Important H.R. 921 Hearing Wednesday

July 11, 2016 by JordanG

UPDATE: H.R. 921 was passed unanimously at the U.S. House Energy and Commerce Committee full committee markup at 3:40 p.m. CT on July 13. Another huge step for this important piece of legislation!


The U.S. House Energy and Commerce Committee will hold a hearing on Wednesday, July 13 at 2 p.m on the Sports Medicine Licensure Clarity Act (H.R. 921), which protects athletic trainers and other sports medicine professionals who travel to other states with an athletic team to provide care for that team. After years of working with members of Congress, NATA is excited that the committee has decided to take action on this important legislation. During our annual Capitol Hill Day last month, held in conjunction with NATA 2016 in Baltimore, more than 400 athletic trainers representing 48 states met with members of Congress and requested their support in the passage of the bill.

Introduced by Reps. Brett Guthrie (R-KY) and Cedric Richmond (D-LA), last year, H.R. 921 clarifies medical liability rules for athletic trainers and other medical professionals to ensure they are properly covered by their malpractice insurance while traveling with athletic teams in another state.

The bill aims to preserve athletes and athletic teams’ access to sports medicine professionals who provide high-quality health care services. Under the legislation, health care services provided by a covered athletic trainer or other sports medicine professional to an athlete, athletic team or a staff member in another state will be deemed to have occurred in the professional’s primary state of licensure.
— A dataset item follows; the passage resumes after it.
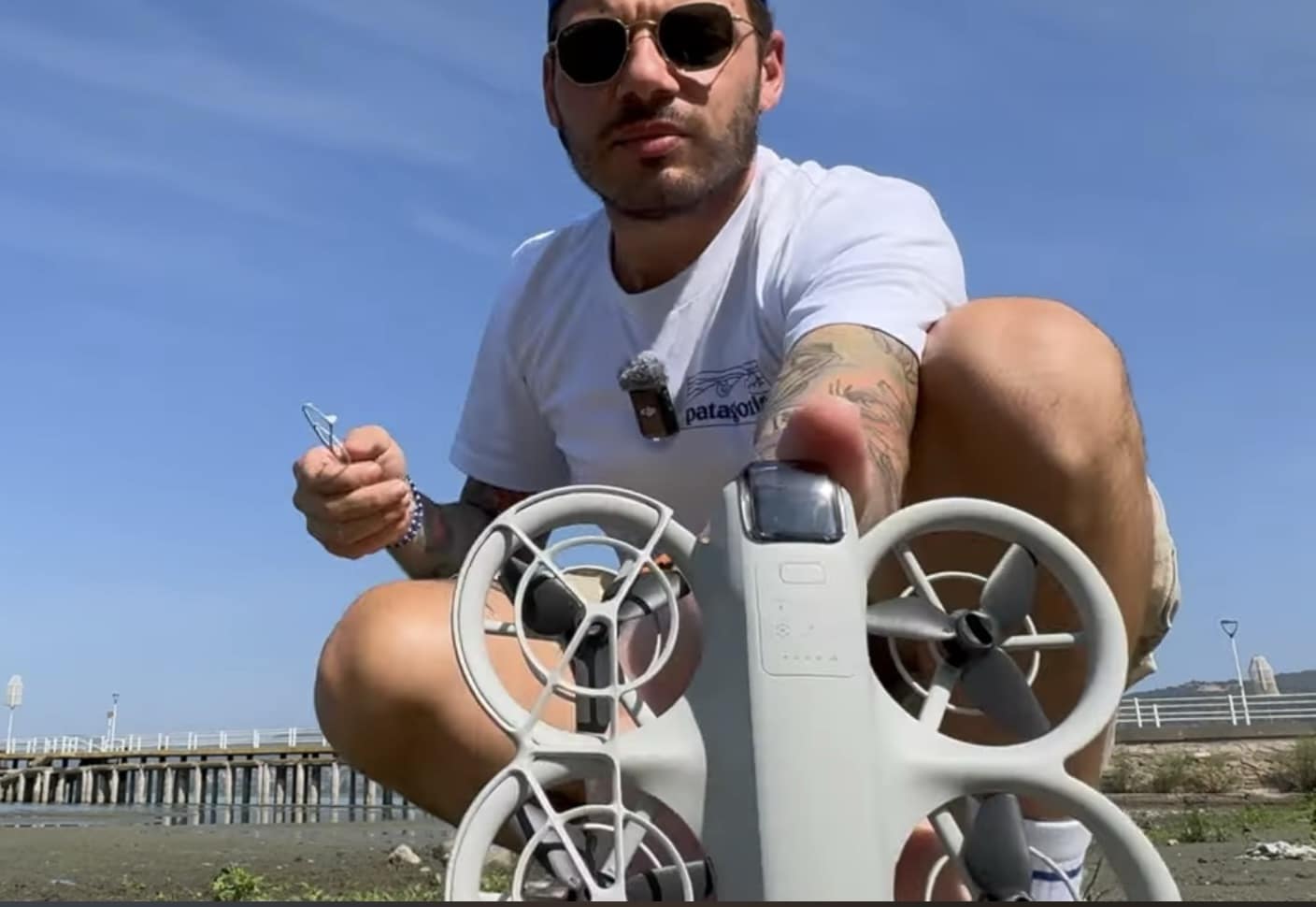 A prop guard being snapped off the DJI Neo airframe.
In addition, the providers will be able to treat injured athletes across state lines without the fear of incurring great professional loss. This bill reinforces the sports medicine team collaborative approach to care among physicians, athletic trainers and others. It is also vital in light of playoffs, championship games and college bowl games where teams travel a great distance with very little notification.

This is the first time a piece of NATA legislation has progressed to hearing for a full committee markup. So, how did we get to this important step?

  1. NATA works with coalition members and members of Congress on draft language for Sports Medicine Licensure Clarity Act.
  2. Bill is introduced Feb. 12, 2015 in the House by Rep. Brett Guthrie (KY) and Rep. Cedric Richmond (LA). Companion bill is introduced in the Senate as S. 689 by Sen. John Thune (SD) and Sen. Amy Klobuchar (MN) on March 10, 2015.
  3. NATA staff and lobbying team spend countless hours meeting with Congress, collecting 179 cosponsors for the bill.
  4. H.R. 921 has first hearing with the U.S. House Energy and Commerce subcommittee in December 2015.
  5. HR 921 receives full markup in House Energy and Commerce health subcommittee on June 8, 2016.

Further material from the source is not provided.